Image Source: netflix.com
In some of Netflix’s recent promotional material, a new logo has been gracing computer screens around the country.
It carries the same general shape, a rounded bottom with a more flat top. But the differences follow the ever more popular trend of minimalist design that is dominating internet companies around the World Wide Web. But I’m going to use Netflix to describe the reasons that this might not always be the best strategy, and why Netflix’s possible rebranding might tell us more about why it’s important to sometimes say no to trends than it is to always follow them.
Also Explore: Why Are Most Logo Redesign Efforts going Bust?
The most popular and well-used logo simplifications in the world have been done in the name of shrugging off the silliness and goofiness of a different time. They’re aging and reshaping themselves in order to avoid a deficit of being taken seriously. This has gone well (or not so well), but mostly it is attempted by companies who have established themselves as household names.

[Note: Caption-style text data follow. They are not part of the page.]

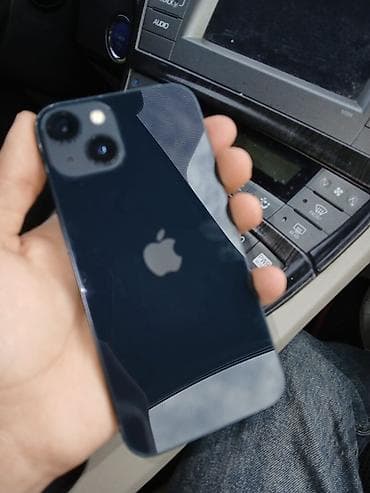 ayfonlar ucuz: IPhone 13, Midnight, Simsiz şarj — 2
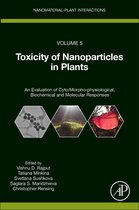 Nanomaterial-Plant Interactions - Toxicity of Nanoparticles in Plants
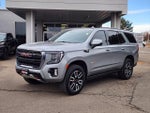 2024 GMC Yukon 4WD AT4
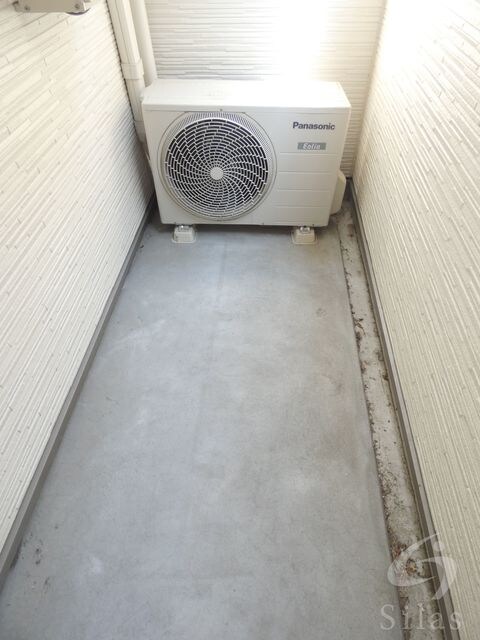 駒川中野駅 徒歩6分 1階の物件内観写真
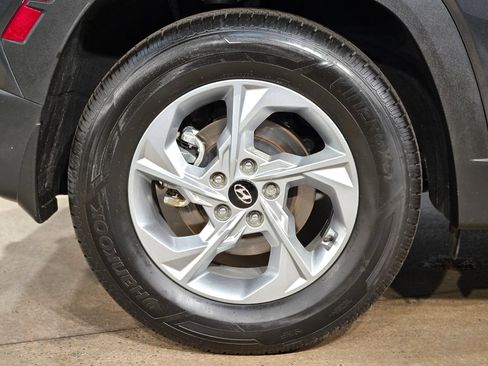 Used 2023 Hyundai Tucson SEL FWD image 17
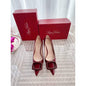 Roger Vivier High Heeled Shoes SH00071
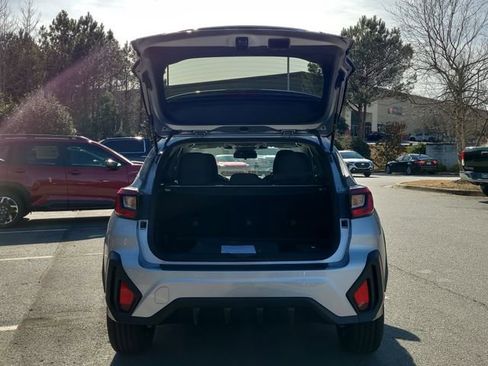 New 2026 Subaru Crosstrek 2.0i Premium image 14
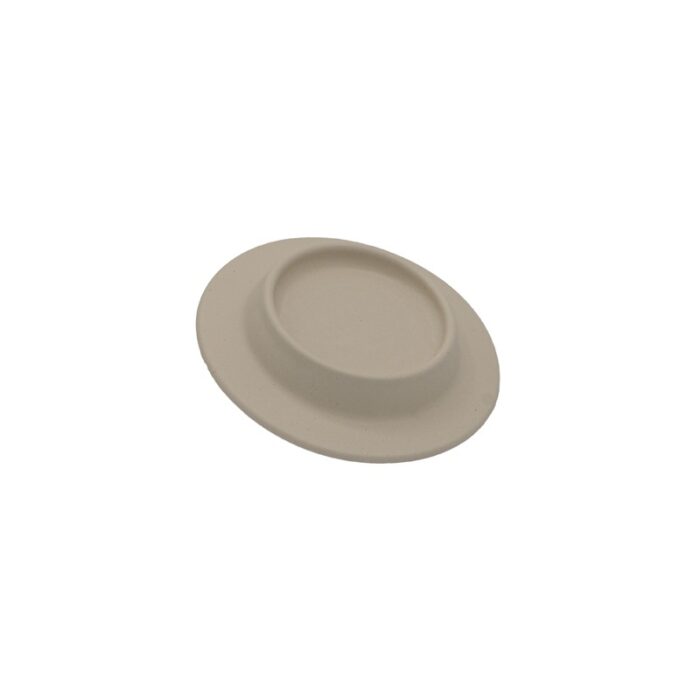 Magnetischer Seifenhalter creme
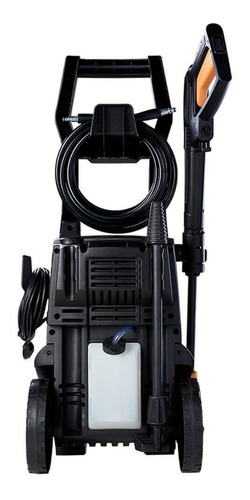 Lavadora De Alta Pressão Extreme Turbo 2800 127v Wap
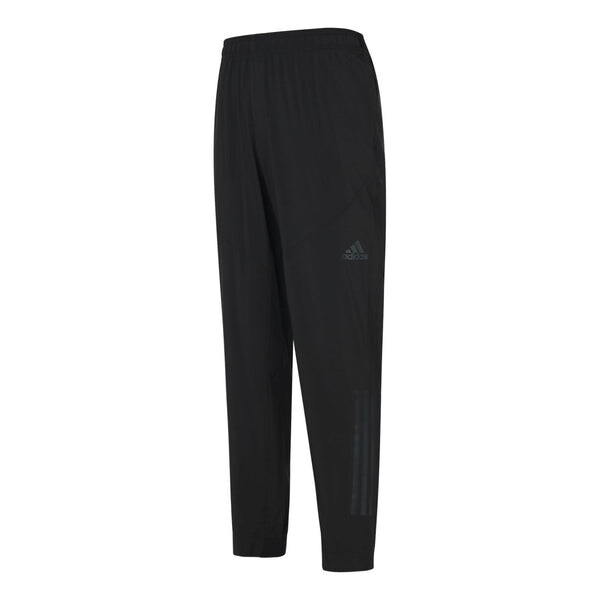 Спортивные штаны adidas Sports Casual Woven Trousers Men's Black, черный
Спортивные штаны adidas Sports Casual Woven Trousers Men's Black, черный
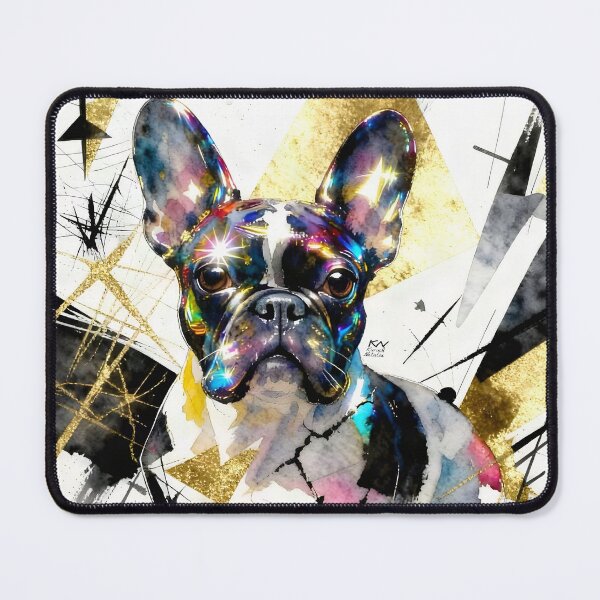 Item preview, French Bulldog designed and sold by nataliakuruch.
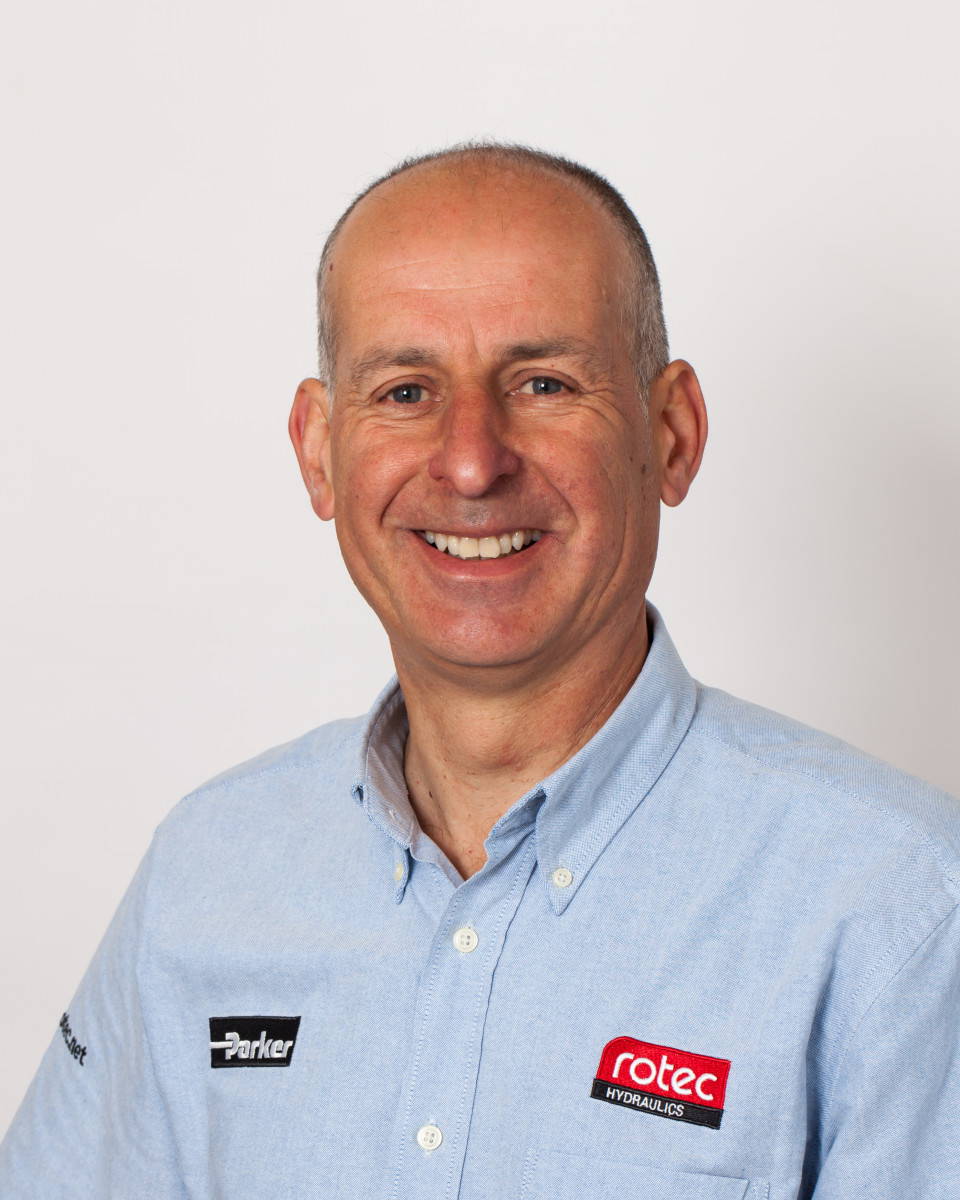 Andy Rimes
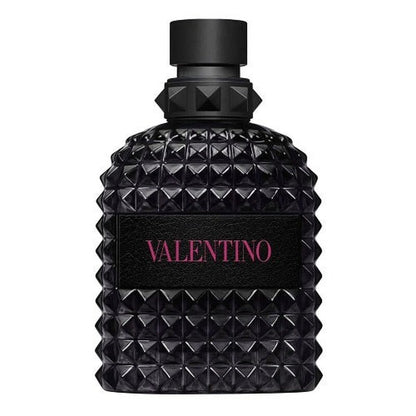 Valentino Uomo Born in Roma Extradose 3.4oz PARFUM for Men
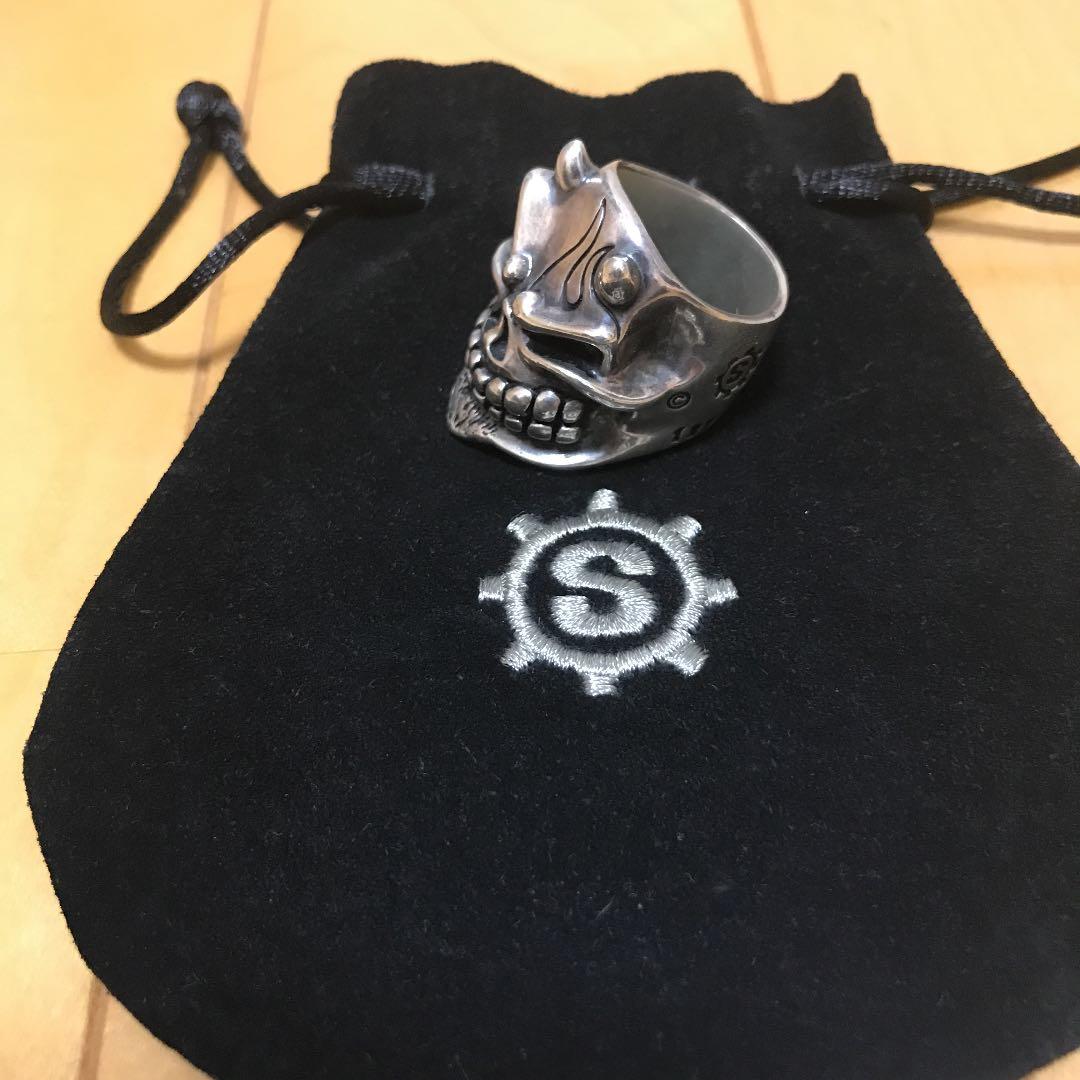 STARLINGEARスターリンギア デビルパンチャーリング#21 - メルカリ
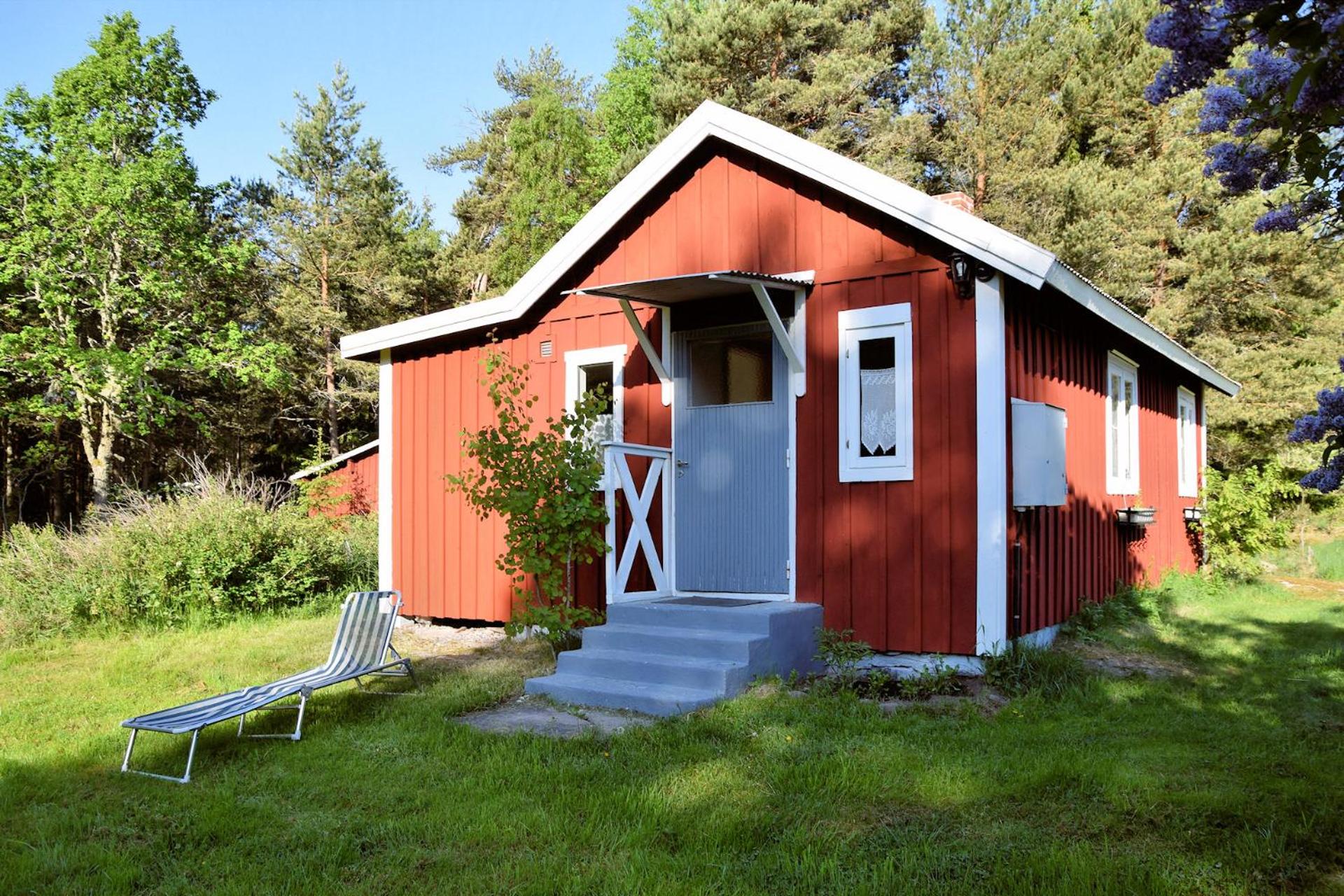 One-Bedroom House photo 2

Netflix has only been around since 2007. Their logo was known best before then by those who saw it on their red envelopes. The company is not universal or ubiquitous. Which is why the simplification seems… overzealous or at least premature.
Let’s examine the mechanics of the change a little more closely to see what I’m talking about.
Flat Design-Was it necessary to go flat?
The flattening here is happening in two ways, the removal of boldness on the surface of the letters and the removal of the extrusions behind. From a purely visceral standpoint, this effect seems to make the logo actually seem younger. The older version of the Netflix logo owes itself to the bombastic flair of older film logos, like this Warner Bros Classic:
The extrusions in this case added authenticity and age to a new company, fresh out of the gate. It was a daring move for a burgeoning video service, but it served to be incredibly effective. Vintage hadn’t caught on as a trend in Internet logo design, and it set itself apart while remaining true to its purpose as a company indebted to film.
This is what Netflix abandons with the new style of logo, in a sense dumping their image in the fountain of youth.But what we’ve just explored about Netflix’s history tells us that it doesn’t need to do this. It’s not old. Netflix creates a problem it does not have by externalizing brand insecurity, aging themselves by running a more streamlined generic logo alongside their original one. It’s not necessary, and it isn’t helpful. This is the weakness of using a trend because it’s popular and not because it’s an improvement for your company. The desired effect, be it becoming more grown up or becoming younger in image, seems to fall completely flat here.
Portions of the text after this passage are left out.